[TASK PROMPT]: Go through the listing below, and from the line containing "GOLD HOOP SEAHORSE EARRINGS" through its last line, transcribe every line exactly, skipping pictures.
==== DATA EXTRACTS
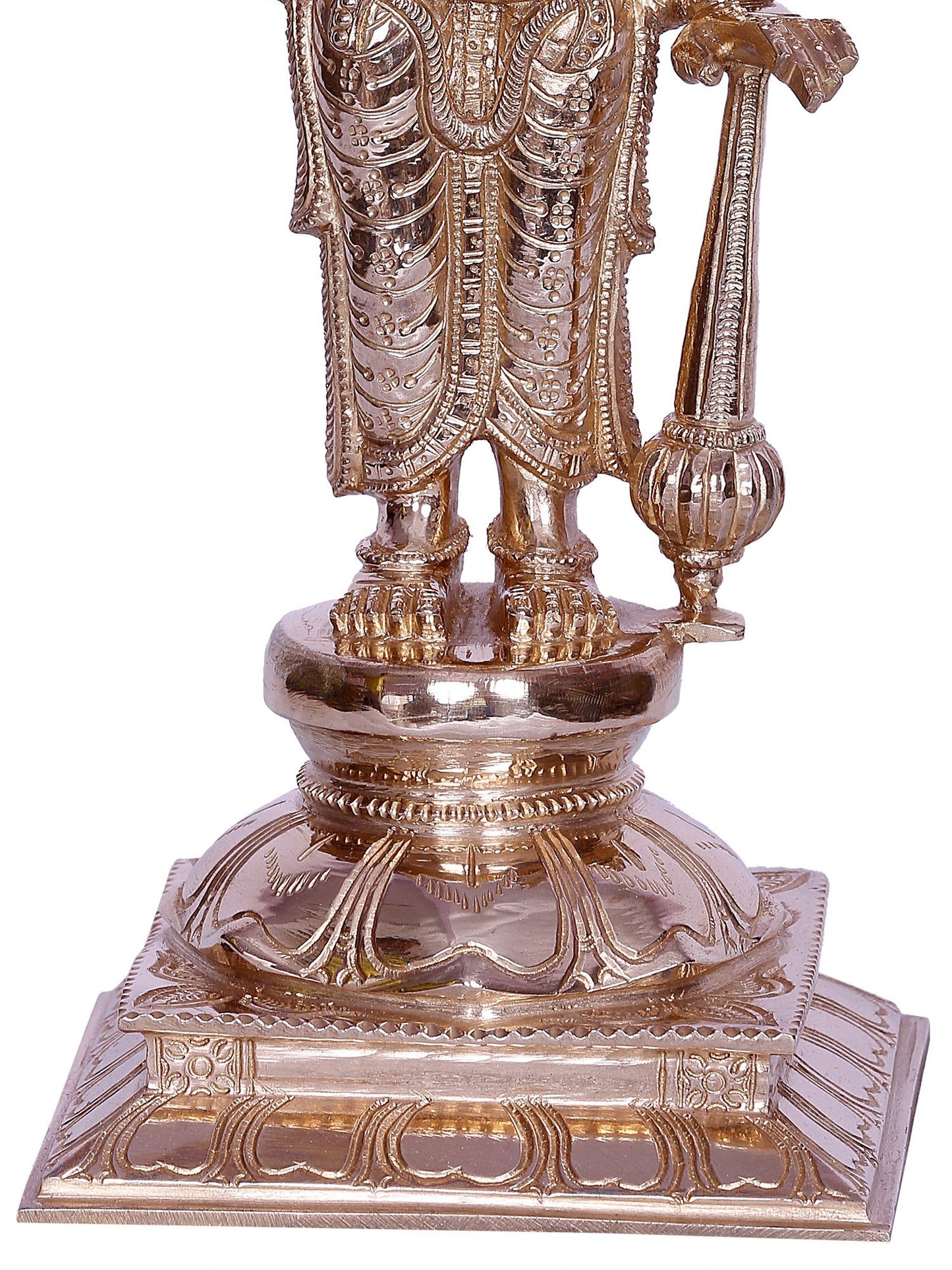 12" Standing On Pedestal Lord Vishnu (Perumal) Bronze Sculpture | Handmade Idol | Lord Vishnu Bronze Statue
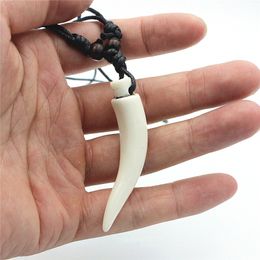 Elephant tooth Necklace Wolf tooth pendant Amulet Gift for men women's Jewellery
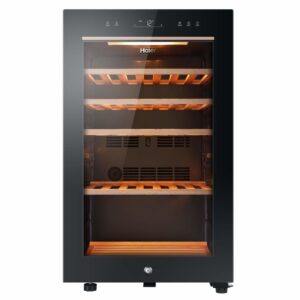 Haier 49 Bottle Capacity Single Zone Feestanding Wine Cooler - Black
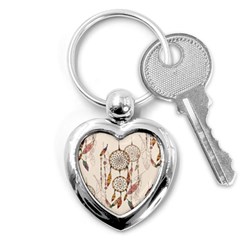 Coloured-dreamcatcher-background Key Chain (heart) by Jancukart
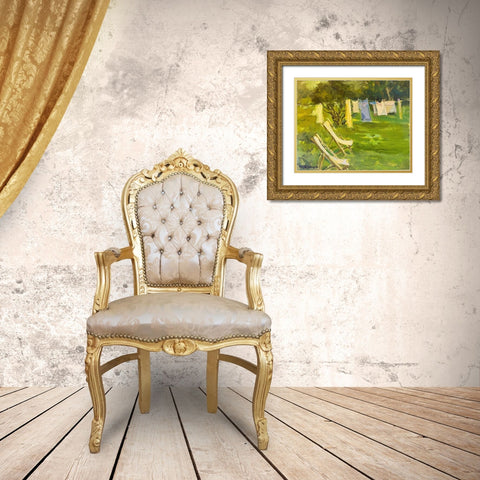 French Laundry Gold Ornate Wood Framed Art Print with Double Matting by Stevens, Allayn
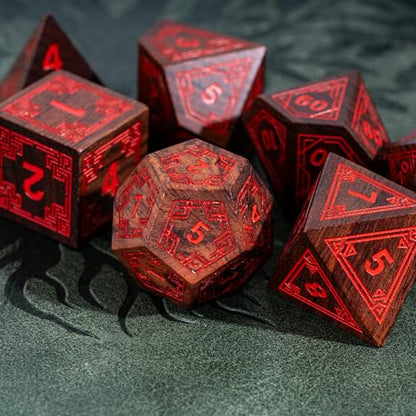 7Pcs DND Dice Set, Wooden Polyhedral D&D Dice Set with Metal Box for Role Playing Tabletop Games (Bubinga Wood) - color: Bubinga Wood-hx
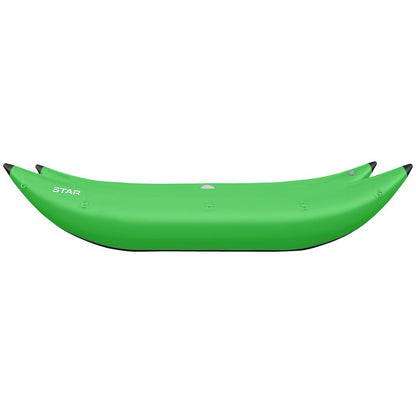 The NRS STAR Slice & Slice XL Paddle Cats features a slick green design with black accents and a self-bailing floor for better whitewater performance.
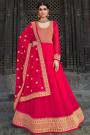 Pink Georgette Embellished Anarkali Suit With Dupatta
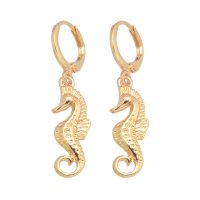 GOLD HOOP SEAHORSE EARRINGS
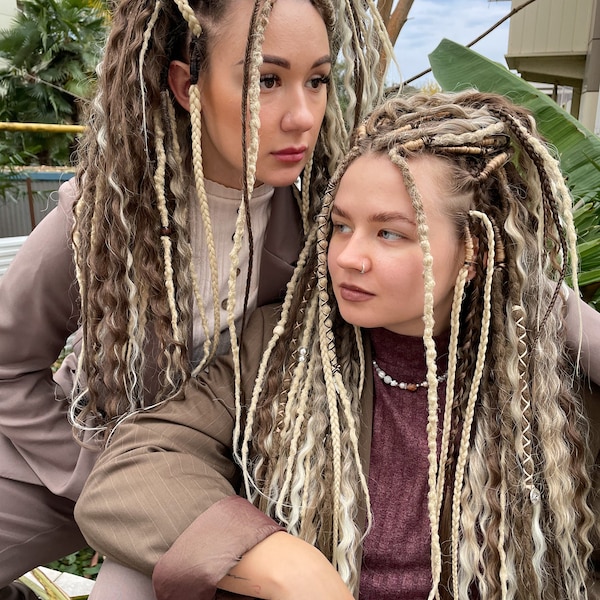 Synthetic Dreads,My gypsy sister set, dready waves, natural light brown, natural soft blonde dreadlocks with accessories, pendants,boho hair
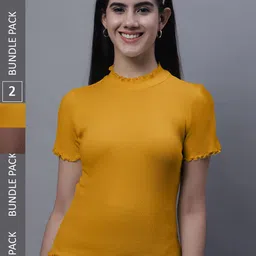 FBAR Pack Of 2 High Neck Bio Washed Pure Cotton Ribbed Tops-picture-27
========
[WRITTEN REPLY]:
 GOLD HOOP SEAHORSE EARRINGS
 Synthetic Dreads,My gypsy sister set, dready waves, natural light brown, natural soft blonde dreadlocks with accessories, pendants,boho hair
 FBAR Pack Of 2 High Neck Bio Washed Pure Cotton Ribbed Tops-picture-27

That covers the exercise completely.